O termo “infrator”, por sua vez, tem igual carga negativa, por isso é preferível que se use “adolescente envolvido em ato infracional” ou “em conflito com a lei”. Também não se deve usar o termo "crime": o ECA considera que a população abaixo dos 18 anos está em desenvolvimento, assim, ao evitar a palavra "crime", o repórter contribui para que a sociedade entenda que o jovem, por estar em formação, tem oportunidade de aprender com o erro.

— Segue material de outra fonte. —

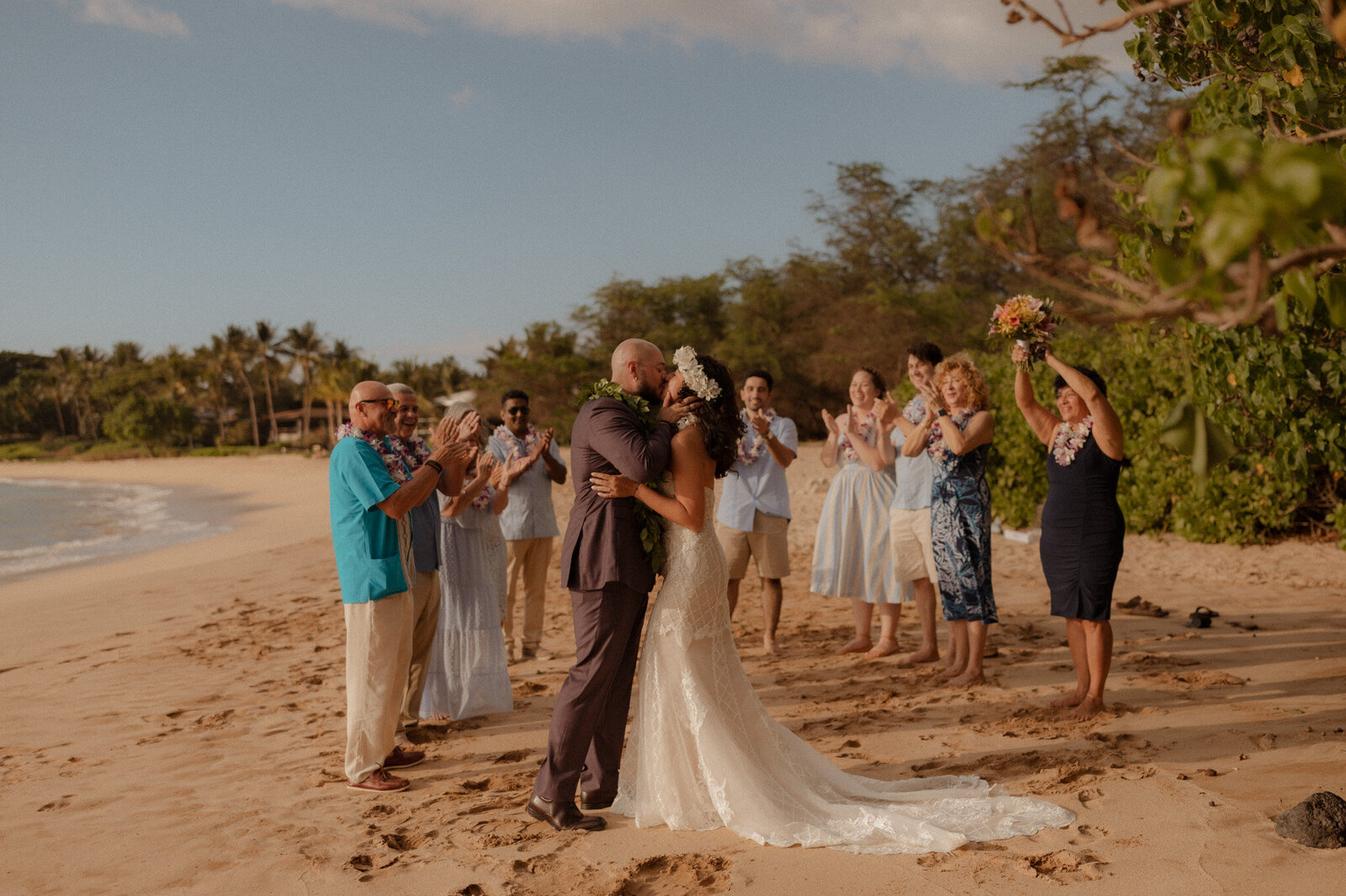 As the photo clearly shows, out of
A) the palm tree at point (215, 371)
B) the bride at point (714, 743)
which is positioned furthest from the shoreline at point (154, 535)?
the palm tree at point (215, 371)

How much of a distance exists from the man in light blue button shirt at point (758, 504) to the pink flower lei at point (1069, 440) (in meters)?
2.15

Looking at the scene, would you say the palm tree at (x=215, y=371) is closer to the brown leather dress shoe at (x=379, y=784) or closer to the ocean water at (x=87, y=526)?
the ocean water at (x=87, y=526)

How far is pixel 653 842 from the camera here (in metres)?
3.80

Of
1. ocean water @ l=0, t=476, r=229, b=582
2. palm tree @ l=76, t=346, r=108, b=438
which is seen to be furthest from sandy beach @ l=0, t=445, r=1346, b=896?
palm tree @ l=76, t=346, r=108, b=438

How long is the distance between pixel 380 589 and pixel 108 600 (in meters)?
8.48

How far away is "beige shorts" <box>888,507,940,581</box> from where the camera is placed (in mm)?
6340

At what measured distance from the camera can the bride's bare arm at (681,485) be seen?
3.99m

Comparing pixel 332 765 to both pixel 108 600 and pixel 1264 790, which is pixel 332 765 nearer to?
pixel 1264 790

No mesmo sentido, em vez de "pena", use "medida socioeducativa"

2) Não use a “tarja preta”

Também utilizada por bastante tempo, a tarja preta na altura dos olhos acabou se transformando em sinal de estigma. Prefira o desfoque (com cuidado para não identificar o adolescente, conforme apontaremos mais adiante), ou qualquer outro artifício editorial, como o enquadramento parcial.

3) Adolescente é punido sim, de acordo com legislação própria

É um erro pensar que os adolescentes não recebem quaisquer punições, quando pegos em atos infracionais. O Estatuto da Criança e do Adolescente (ECA) prevê uma série de medidas socioeducativas, que começam com uma advertência e chegam até a internação, que é a última medida a ser adotada, para delitos violentos ou sob grave ameaça. Para os demais, existe a prestação de serviços à comunidade, a reparação do erro, a semiliberdade e a liberdade assistida, que são supervisionados por órgãos como os Centros de Referência da Assistência Social (Creas). Vale lembrar que as punições devem corresponder às de um adulto. Confira a opinião de um especialista aqui.

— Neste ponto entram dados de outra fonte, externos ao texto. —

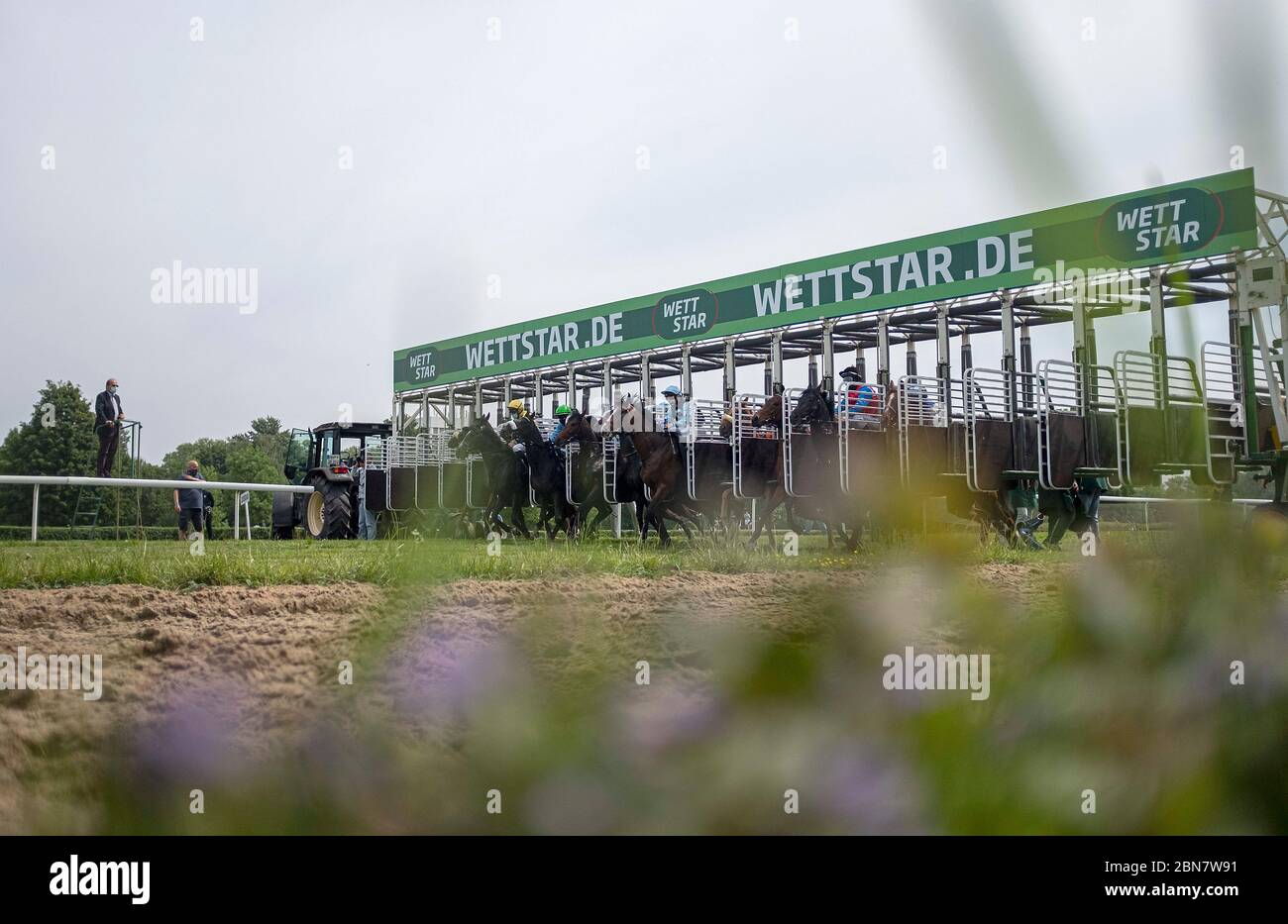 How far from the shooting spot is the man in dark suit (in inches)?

4) Vá além do Boletim de Ocorrência


Todos sabemos que tempo em televisões e rádio são raros, da mesma forma que espaço para jornais impressos e mídias digitais. Contudo, para que a mídia seja uma aliada na garantia dos direitos de crianças e adolescentes, o recomendado é que se vá além do Boletim de Ocorrência. O lead mantém-se o mesmo, afinal, o ato infracional é o “gancho” jornalístico. Mas, por que não problematizar a questão? O que houve com o garoto, para que ele cometesse tal ação? Como vive a família dele? O que falta em sua casa? O que os governos não lhes ofereceram? Esse adolescente estuda? Se não estuda, por quê? Por que não quer, ou por que a escola não funciona? Precisamos entender que os adolescentes não cometem atos infracionais simplesmente por cometerem. Conforme aponta o juiz da Infância e da Juventude de Caxias do Sul, Leoberto Brancher, o ato infracional é como se fosse um chamado de escuta, um grito de socorro dado pelo adolescente, para que alguém preencha as lacunas deixadas em seu desenvolvimento. Humanize sua matéria.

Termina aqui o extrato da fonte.